Barge: a vessel used mainly in inland water transportation. It typically is not powered. A set of barges, perhaps a half dozen or more, may be grouped into a “tow” which is propelled by a tugboat. The advantage of a barge is that, like a trailer in a tractor-trailer combination, it can be left at a loading or unloading point to be loaded or unloaded over a period of hours or days while the tugboat moves on to other activities.

Base stock policy: An inventory policy whereby, whenever a demand occurs, an order is immediately made to replace the amount sold. It is a Q,r policy with Q = 1. See JIT.

Bathtub curve: A typical shape for the failure rate curve for many pieces of equipment (i.e., the conditional probability of failure in the next hour) is to start high due to the “birth defects” new equipment may have, decrease to a low fairly constant rate for a long period of time, and then increase again as the equipment reaches “old age”. See also failure rate curve, MTBF, IFR, and DFR.

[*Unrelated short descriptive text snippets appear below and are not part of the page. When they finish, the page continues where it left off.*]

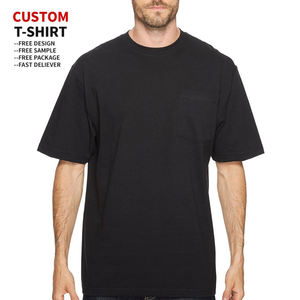 Camiseta Unisex con Logotipo Personalizado OEM, Estampado Gráfico, 100% Algodón Tejido, Talla Grande, Estilo Urbano para Hombre, Venta al Por Mayor - Product Image 1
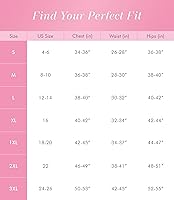 Vista 6 de Exquisite Form Women's 30107 Nylon Tricot Sleeveless Short Knee Length Nightgown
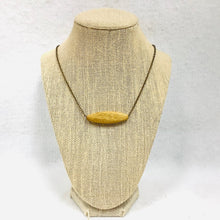 Wood Diffuser Necklace - Oblong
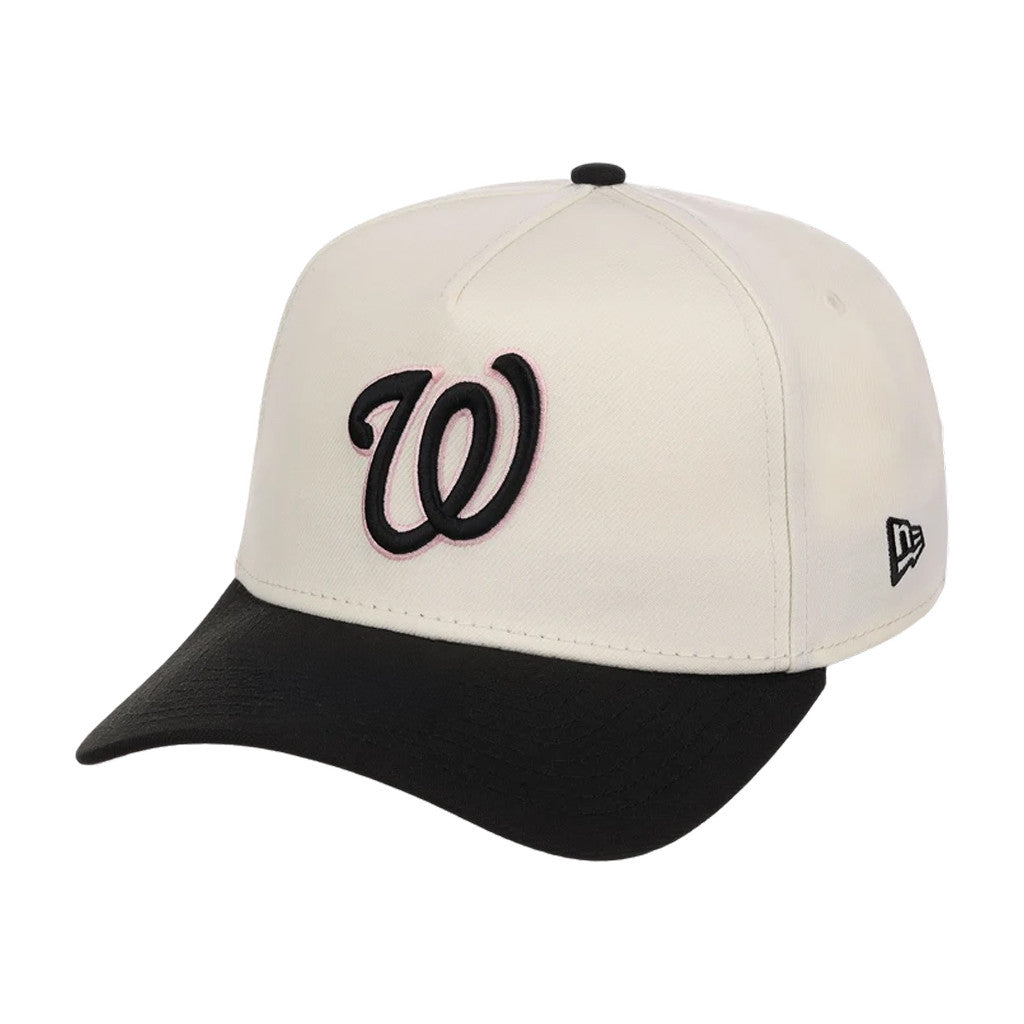 Lids Hat Drop Summer A-Frame Merch Washington Nationals Chrome Blinky Hat Embroidered Fan Gifts - Merchluma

Bay: an open area in a building such as a warehouse, unimpeded by pillars. Thus, a building with n rows of interior pillars would have n+1 bays. If an overhead crane is used for moving material, it can usually move only within one bay.

Beer game: A business game composed of a four level supply chain. Early members of the chain (e.g., the manufacturer) do not see final demand directly, but only indirectly via the information, mainly in the form of orders received from their immediate downstream customer. Small fluctuations in retail demand typically cause big fluctuations in demand seen by the manufacturer, illustrating the bull-whip effect.

Bill of Lading: A binding legal contract between a shipper and a carrier for each load picked up by the carrier from the shipper. It lists the items picked up and the address to which they are to be delivered. It is the shipper’s receipt from the carrier.

Binomial distribution: Suppose your product is in use by n customers. On any given day, any given customer will generate a service call request with probability p, independent of other customers. A service call request requires a trip to the customer, which takes a full day. Then, the number of service requests in a day has a binomial distribution with parameters n and p. The probability of exactly k service requests in a day is pk(1-p)n-k n!/(k!(n-k)!). The mean of the distribution is np, the variance in the number of service requests is np(1-p). For example, if n = 6 and p = .1, then the probability of k = 0 service requests is .96 = .531441. The probability of 1 request is .1*.95*6!/5! = .354294. The probability of 2 requests is .12*.94 *15 = .098415. The binomial distribution with parameters n and p, converges to the Poisson distribution with mean np, as n gets large and p gets small. The binomial converges to the Normal distribution if p is close to .5 and n gets large.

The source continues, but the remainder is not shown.